---- EXERCISE MATERIAL

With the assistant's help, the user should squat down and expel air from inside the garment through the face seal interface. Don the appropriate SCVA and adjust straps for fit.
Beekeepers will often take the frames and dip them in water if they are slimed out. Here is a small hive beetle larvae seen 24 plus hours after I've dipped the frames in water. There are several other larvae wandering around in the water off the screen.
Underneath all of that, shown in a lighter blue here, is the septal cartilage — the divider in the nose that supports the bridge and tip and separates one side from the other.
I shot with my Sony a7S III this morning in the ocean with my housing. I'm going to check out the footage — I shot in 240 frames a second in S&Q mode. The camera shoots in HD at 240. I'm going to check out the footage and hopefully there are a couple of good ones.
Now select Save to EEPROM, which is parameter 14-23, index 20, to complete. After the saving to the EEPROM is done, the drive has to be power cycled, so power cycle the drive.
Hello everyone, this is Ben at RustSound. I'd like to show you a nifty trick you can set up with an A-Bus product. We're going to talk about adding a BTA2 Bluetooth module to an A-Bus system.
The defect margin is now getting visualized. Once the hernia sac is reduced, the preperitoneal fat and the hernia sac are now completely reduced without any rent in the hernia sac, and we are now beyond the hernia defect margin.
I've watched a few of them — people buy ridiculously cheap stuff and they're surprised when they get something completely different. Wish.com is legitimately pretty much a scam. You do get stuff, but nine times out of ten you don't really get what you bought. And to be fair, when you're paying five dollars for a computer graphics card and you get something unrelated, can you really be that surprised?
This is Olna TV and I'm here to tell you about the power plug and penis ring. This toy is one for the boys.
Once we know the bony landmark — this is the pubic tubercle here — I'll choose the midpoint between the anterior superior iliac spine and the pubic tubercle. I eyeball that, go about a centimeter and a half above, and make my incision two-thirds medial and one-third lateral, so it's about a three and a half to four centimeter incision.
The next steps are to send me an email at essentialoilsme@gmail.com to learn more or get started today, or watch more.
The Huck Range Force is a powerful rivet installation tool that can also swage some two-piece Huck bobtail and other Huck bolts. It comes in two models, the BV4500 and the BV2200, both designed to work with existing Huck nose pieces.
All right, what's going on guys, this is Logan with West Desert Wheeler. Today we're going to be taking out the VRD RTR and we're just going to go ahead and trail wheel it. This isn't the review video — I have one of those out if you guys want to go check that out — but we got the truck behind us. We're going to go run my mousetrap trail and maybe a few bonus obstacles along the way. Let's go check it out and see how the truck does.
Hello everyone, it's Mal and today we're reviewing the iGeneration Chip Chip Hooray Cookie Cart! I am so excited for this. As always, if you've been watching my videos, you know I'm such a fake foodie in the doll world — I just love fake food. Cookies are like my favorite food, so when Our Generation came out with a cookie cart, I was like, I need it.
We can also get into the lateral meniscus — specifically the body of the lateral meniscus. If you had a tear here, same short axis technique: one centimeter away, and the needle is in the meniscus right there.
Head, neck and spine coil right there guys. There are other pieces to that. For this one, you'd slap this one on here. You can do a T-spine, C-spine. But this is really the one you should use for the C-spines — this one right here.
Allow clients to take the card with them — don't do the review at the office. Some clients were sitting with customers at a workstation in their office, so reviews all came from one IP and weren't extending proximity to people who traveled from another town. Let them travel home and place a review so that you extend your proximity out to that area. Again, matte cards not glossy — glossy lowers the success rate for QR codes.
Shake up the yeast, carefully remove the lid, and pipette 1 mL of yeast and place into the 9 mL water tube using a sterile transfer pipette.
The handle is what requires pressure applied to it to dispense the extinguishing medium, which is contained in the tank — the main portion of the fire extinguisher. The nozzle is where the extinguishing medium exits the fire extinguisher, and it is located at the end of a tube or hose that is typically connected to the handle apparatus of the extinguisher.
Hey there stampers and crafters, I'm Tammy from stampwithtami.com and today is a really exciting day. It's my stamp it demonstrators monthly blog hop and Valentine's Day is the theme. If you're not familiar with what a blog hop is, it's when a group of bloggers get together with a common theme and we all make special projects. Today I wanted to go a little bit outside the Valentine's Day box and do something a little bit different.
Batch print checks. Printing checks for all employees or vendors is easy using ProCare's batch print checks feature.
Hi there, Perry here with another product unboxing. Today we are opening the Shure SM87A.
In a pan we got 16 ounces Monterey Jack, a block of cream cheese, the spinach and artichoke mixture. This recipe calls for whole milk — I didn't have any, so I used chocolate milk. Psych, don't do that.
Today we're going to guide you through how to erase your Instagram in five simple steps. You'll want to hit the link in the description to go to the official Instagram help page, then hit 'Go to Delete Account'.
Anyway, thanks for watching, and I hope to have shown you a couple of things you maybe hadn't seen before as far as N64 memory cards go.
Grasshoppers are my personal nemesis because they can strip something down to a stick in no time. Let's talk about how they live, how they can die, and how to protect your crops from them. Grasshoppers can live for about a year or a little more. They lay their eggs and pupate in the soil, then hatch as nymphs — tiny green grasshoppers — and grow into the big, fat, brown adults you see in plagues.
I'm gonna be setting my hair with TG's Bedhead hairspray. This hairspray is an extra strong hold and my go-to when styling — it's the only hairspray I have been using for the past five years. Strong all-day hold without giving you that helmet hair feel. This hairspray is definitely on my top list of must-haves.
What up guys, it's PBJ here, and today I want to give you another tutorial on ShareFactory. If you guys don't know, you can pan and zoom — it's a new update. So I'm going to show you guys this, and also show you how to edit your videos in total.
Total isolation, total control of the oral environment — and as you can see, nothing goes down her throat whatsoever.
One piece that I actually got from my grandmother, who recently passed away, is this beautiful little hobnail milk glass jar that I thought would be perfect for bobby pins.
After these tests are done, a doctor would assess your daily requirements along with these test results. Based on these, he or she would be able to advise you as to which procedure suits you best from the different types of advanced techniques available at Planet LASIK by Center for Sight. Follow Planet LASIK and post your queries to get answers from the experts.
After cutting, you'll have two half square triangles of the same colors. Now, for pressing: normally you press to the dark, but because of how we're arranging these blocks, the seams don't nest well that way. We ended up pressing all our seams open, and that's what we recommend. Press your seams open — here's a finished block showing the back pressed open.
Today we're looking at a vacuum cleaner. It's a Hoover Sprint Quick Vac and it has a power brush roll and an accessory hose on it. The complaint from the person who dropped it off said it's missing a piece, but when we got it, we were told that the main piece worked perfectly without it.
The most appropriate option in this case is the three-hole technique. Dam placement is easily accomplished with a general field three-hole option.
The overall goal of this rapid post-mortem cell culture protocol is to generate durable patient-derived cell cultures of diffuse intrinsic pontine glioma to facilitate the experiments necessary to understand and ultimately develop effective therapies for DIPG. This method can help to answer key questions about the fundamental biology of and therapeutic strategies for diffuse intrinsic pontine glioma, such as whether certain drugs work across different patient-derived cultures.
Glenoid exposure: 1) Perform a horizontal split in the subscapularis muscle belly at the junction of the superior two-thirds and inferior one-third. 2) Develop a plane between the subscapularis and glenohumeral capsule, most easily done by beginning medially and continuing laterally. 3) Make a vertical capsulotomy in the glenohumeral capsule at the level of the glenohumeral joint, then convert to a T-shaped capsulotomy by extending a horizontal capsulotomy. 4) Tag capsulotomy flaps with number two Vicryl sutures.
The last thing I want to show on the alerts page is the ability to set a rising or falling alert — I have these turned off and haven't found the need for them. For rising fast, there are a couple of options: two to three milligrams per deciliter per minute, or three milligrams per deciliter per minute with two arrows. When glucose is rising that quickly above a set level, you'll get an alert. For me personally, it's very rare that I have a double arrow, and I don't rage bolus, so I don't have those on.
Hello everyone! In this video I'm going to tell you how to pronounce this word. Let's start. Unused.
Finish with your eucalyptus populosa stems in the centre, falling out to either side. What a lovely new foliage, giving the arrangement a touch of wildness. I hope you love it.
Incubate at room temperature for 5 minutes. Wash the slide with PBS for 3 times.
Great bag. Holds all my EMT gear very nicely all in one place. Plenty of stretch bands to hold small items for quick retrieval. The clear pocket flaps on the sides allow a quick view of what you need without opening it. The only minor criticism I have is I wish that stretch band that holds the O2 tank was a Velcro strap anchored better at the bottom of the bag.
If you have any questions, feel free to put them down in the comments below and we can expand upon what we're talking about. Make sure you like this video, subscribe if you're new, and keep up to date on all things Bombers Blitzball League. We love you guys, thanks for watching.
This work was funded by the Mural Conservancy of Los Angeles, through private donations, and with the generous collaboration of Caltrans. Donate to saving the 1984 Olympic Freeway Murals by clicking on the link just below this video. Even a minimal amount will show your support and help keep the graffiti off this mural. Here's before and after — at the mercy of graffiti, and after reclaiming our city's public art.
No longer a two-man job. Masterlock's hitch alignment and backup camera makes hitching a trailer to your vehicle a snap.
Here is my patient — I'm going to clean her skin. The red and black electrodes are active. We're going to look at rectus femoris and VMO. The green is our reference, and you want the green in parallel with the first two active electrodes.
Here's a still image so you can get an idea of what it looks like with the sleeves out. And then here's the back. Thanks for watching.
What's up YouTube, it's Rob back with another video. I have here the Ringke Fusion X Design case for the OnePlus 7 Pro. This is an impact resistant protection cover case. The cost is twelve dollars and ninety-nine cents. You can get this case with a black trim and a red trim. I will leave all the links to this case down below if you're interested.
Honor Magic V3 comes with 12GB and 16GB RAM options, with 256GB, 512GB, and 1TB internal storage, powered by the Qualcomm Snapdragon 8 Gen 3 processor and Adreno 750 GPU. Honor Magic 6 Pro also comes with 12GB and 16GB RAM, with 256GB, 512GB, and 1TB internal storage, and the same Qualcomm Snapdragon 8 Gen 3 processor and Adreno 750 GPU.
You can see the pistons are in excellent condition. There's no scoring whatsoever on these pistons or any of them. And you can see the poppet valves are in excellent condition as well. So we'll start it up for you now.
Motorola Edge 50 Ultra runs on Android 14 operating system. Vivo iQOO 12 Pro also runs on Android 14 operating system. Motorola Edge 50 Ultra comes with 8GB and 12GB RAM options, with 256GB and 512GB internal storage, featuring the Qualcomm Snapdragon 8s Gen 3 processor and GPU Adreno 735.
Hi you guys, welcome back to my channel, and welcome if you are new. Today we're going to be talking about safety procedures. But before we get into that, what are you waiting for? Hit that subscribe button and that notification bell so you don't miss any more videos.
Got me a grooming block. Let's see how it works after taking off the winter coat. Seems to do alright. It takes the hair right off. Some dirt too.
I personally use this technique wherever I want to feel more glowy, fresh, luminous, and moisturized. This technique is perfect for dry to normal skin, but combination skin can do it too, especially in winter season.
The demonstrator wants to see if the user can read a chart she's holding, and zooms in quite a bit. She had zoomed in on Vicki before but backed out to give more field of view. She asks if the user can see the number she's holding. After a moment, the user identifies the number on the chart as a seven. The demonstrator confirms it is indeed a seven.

--------

-- WHAT YOU WILL DO --
Look through the entries above; find each line with the word "case" and copy it.

-- SOLVED EXERCISE --
The most appropriate option in this case is the three-hole technique. Dam placement is easily accomplished with a general field three-hole option.
What's up YouTube, it's Rob back with another video. I have here the Ringke Fusion X Design case for the OnePlus 7 Pro. This is an impact resistant protection cover case. The cost is twelve dollars and ninety-nine cents. You can get this case with a black trim and a red trim. I will leave all the links to this case down below if you're interested.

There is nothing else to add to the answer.